To highlight the current Greek government's role in worsening that country's fiscal situation, one can turn to the IMF's just-released debt sustainability analysis. The analysis notes:
1. Had Greece implemented the fiscal aid-restructuring program as assumed, no additional fiscal aid beyond the November 2012 package would have been needed. (p.1/p.2 of the .pdf)
2. Significant policy changes and Greece's outlook since early this year have substantially increased Greece's financing needs. (p.3/p.4 of the .pdf)
3. The current Greek government has given "vague commitments" about some of the measures required to recapitalize banks and "stated their opposition to further privatization of key assets." (p.4/p.5 of the .pdf)

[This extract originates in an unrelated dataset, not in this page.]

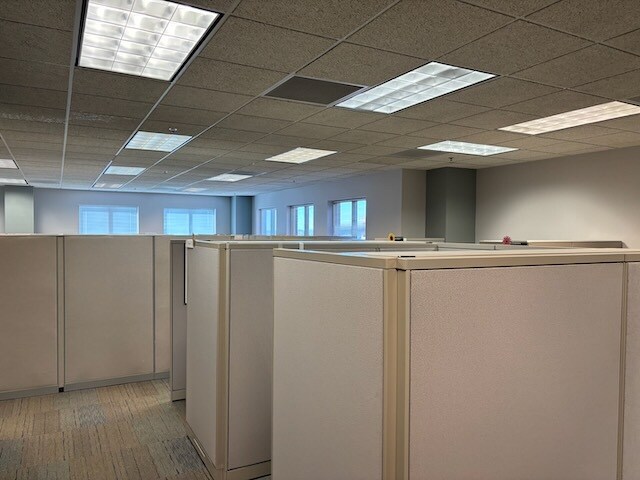 More Photos Of 21 SE 3rd St, Evansville Office For Lease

4. There has been a "substantial weakening in the delivery of structural reforms and in the reform commitments." (p.5/p.6 of the .pdf)
The big policy changes referenced to early this year are the result of the Syriza government headed by Prime Minister Tsipiras. The current government has not been delivering on prior commitments, has not shown much appetite for reform, and has made only vague commitments on some of the issues required to keep the country's banks both liquid and solvent. At the same time, it expects--actually demands--that others accommodate it for its departure from the tasks necessary to help Greece begin to improve its finances.
Debt relief is necessary. But the benefits of debt relief would be eroded, possibly substantially, were debt relief offered to the current government. Given its conduct since taking office--the current government has abandoned Greece's difficult but necessary reform efforts--it is difficult to view it as a reliable partner to any high-stakes deal. Ironically, that path has increased, not decreased, the amount of austerity expected. In short, the current government could merely use the debt relief as an excuse to avoid further reforms.
Now that the IMF has published its report, which highlights significant departures from the reform path undertaken by the Syriza government, I can fully understand why the EU/ECB/IMF have taken a tougher line with the current Greek government. Its credibility was lost well before Prime Minister Tsipiras decided to blow up the negotiations expecting (irrationally) swift European capitulation to his maximum terms.
Can the current government be expected to honor any obligations it makes in the future? Its past performance with the commitments it has abandoned suggests it can't. Therefore, not only would an optimal outcome result in a new Greek government's taking office sometime after the referendum, such an outcome might be necessary for the kind of debt relief Greece urgently needs.